TASK GOAL: Reproduce exactly the line containing "1boy 2girls animare" and each line after it until the listing ends, leaving pictures out.

DATA SHOWN:
————

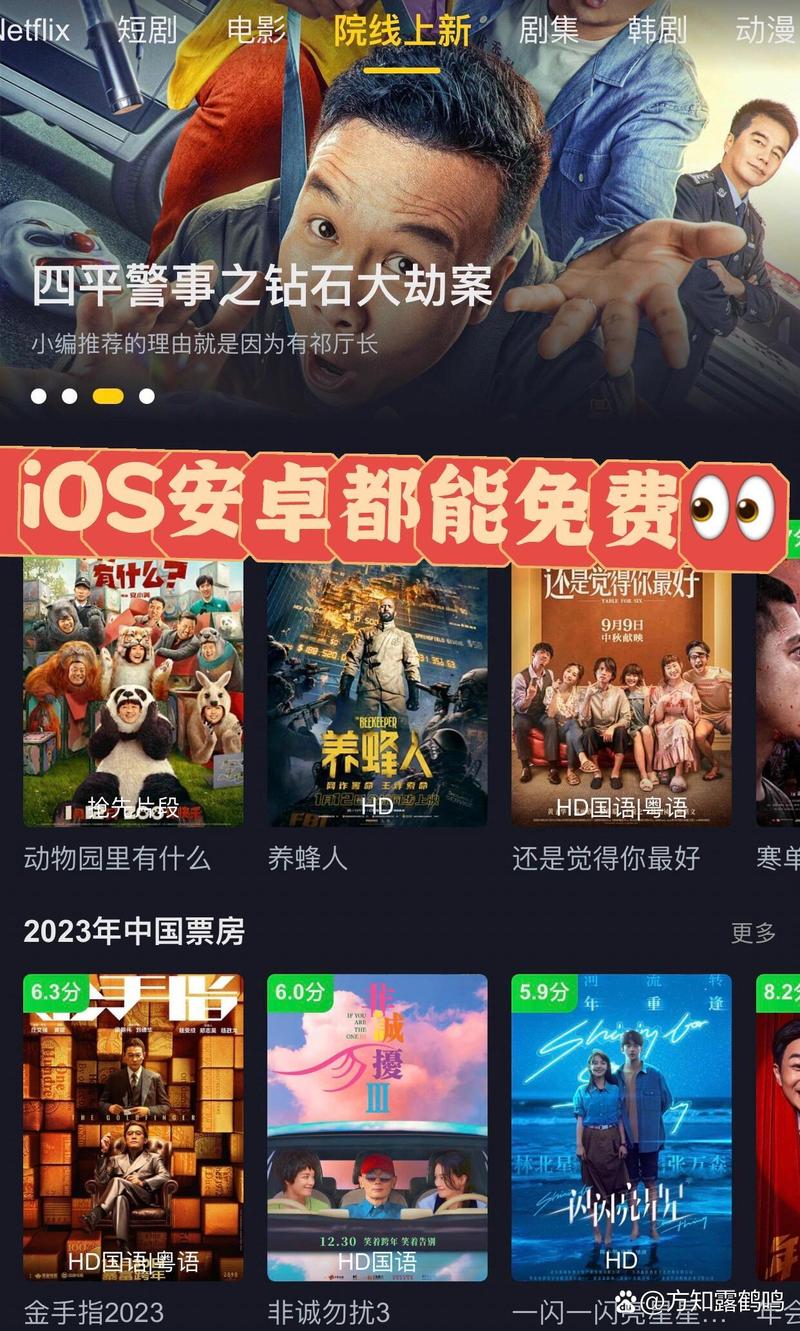 看美剧用什么APP最好？口碑好资源多的推荐！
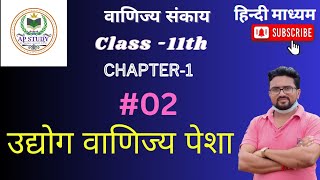 व्यवसाय किसे कहते हैं , उद्योग, वाणिज्य, पेशा के संबंध में कुछ महत्त्वपूर्ण जानकारी||class 11th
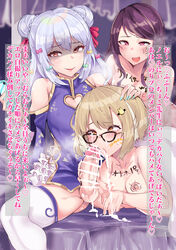 1boy 2girls animare armwear balls body_writing censored censored_penis clothing cum eyebrows_visible_through_hair femboy femboy_on_female femboydom femsub glasses gundou_mirei inaba_haneru_(animare) inuyama_tamaki legwear maledom nail_polish nanashi_inc. nijisanji noripro penis phone questionable_consent straight text topwear translation_request ttt_ttt_ou virtual_youtuber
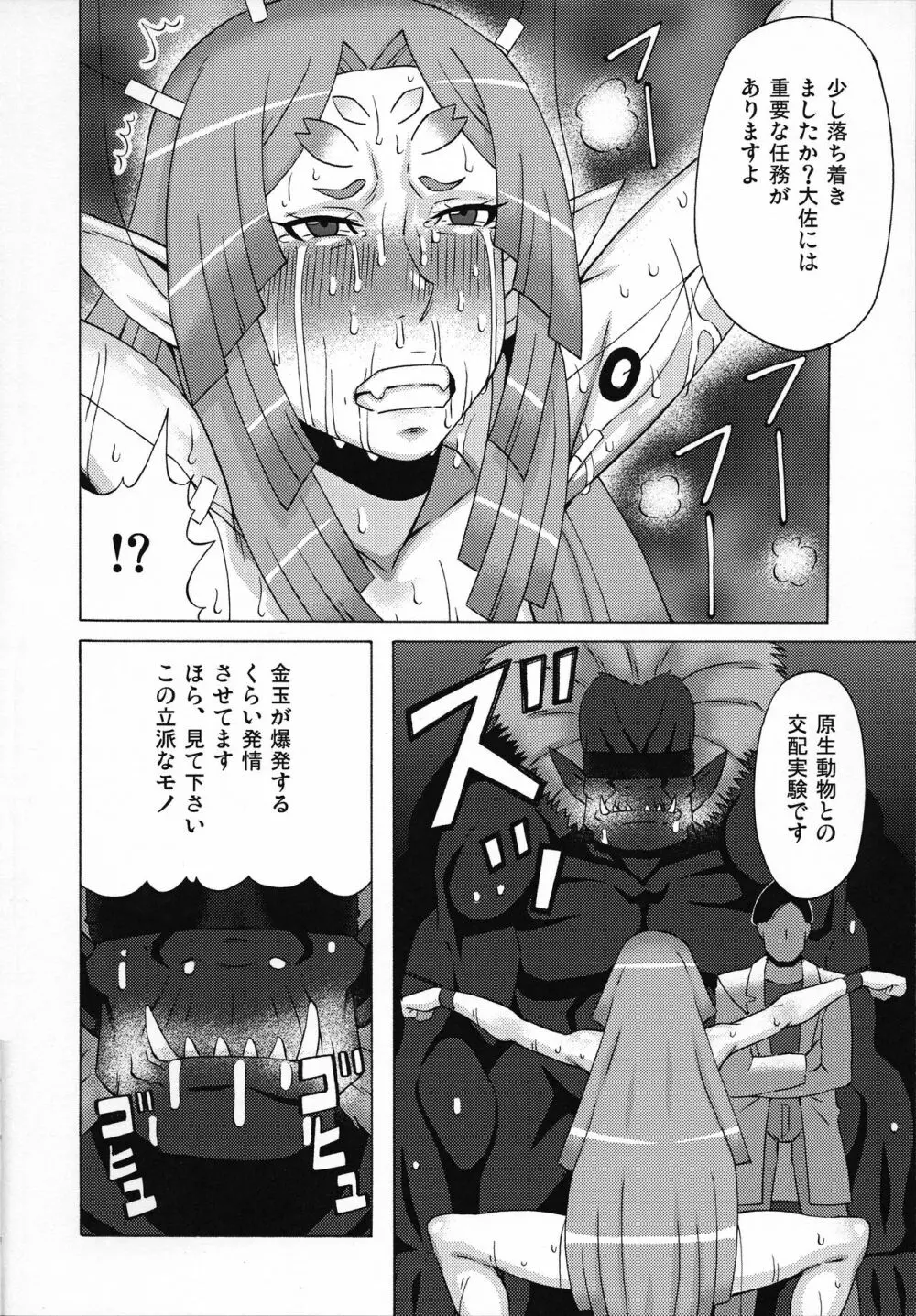 エルマ大佐とイリーナ中尉に色々してみた。 - page37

————

EXPECTED ANSWER:
 1boy 2girls animare armwear balls body_writing censored censored_penis clothing cum eyebrows_visible_through_hair femboy femboy_on_female femboydom femsub glasses gundou_mirei inaba_haneru_(animare) inuyama_tamaki legwear maledom nail_polish nanashi_inc. nijisanji noripro penis phone questionable_consent straight text topwear translation_request ttt_ttt_ou virtual_youtuber
 エルマ大佐とイリーナ中尉に色々してみた。 - page37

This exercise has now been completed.